**Records for the task:**
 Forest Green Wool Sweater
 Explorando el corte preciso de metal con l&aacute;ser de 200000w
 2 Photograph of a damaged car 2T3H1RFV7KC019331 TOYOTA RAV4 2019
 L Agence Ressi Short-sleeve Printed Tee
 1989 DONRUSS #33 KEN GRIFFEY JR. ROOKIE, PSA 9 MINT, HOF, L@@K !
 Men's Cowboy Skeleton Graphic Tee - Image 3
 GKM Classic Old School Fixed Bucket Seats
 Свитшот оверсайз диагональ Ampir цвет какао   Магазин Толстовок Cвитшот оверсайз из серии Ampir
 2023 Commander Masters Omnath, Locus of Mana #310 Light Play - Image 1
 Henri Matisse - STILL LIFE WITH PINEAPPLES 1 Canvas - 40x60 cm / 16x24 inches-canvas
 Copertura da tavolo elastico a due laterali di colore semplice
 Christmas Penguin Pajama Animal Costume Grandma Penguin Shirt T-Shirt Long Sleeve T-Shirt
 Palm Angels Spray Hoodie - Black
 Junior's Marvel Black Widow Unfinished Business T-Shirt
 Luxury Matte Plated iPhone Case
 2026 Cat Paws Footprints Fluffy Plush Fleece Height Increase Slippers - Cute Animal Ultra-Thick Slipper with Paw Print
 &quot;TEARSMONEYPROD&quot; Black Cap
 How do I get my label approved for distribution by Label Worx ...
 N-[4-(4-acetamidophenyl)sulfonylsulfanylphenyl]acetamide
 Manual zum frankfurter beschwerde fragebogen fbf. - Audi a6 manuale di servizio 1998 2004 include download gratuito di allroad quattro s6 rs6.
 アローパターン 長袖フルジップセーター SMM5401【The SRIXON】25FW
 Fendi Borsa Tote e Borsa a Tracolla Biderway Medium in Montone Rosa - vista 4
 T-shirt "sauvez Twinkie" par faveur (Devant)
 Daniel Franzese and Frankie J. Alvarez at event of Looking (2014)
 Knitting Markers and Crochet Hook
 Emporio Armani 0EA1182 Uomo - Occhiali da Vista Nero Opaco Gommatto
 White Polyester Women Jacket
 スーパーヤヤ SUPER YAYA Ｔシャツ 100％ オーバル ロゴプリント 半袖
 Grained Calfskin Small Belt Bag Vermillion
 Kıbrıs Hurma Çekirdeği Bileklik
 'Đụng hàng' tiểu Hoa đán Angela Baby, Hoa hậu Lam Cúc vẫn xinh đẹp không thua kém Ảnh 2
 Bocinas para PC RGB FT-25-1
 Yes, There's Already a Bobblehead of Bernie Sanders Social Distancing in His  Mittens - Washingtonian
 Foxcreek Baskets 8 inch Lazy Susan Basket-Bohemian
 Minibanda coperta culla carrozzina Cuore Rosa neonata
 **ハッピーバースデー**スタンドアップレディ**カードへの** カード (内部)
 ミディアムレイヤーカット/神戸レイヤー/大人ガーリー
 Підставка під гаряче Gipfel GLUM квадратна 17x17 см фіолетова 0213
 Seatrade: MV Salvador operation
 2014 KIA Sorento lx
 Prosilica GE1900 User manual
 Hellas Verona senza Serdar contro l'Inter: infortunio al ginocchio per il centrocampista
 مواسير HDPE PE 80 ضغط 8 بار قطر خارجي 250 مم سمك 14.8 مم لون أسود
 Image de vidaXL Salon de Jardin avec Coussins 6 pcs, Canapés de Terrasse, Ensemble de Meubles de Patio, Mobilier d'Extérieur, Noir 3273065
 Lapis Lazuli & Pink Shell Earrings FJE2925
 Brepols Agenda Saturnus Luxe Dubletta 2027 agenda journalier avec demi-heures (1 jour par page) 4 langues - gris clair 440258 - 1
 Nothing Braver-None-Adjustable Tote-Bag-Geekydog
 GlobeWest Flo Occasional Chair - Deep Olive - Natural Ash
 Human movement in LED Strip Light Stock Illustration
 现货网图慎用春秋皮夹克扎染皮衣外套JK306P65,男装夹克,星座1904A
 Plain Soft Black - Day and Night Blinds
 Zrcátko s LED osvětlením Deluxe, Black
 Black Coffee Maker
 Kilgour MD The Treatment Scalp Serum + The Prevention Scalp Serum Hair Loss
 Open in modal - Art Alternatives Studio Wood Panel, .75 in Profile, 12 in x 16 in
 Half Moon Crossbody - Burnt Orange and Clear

**Assignment:** The lines to reproduce run from the one containing "Open in modal" to the last line of the listing; print them exactly, including both ends.

**Solution to this task:**
 Open in modal - Art Alternatives Studio Wood Panel, .75 in Profile, 12 in x 16 in
 Half Moon Crossbody - Burnt Orange and Clear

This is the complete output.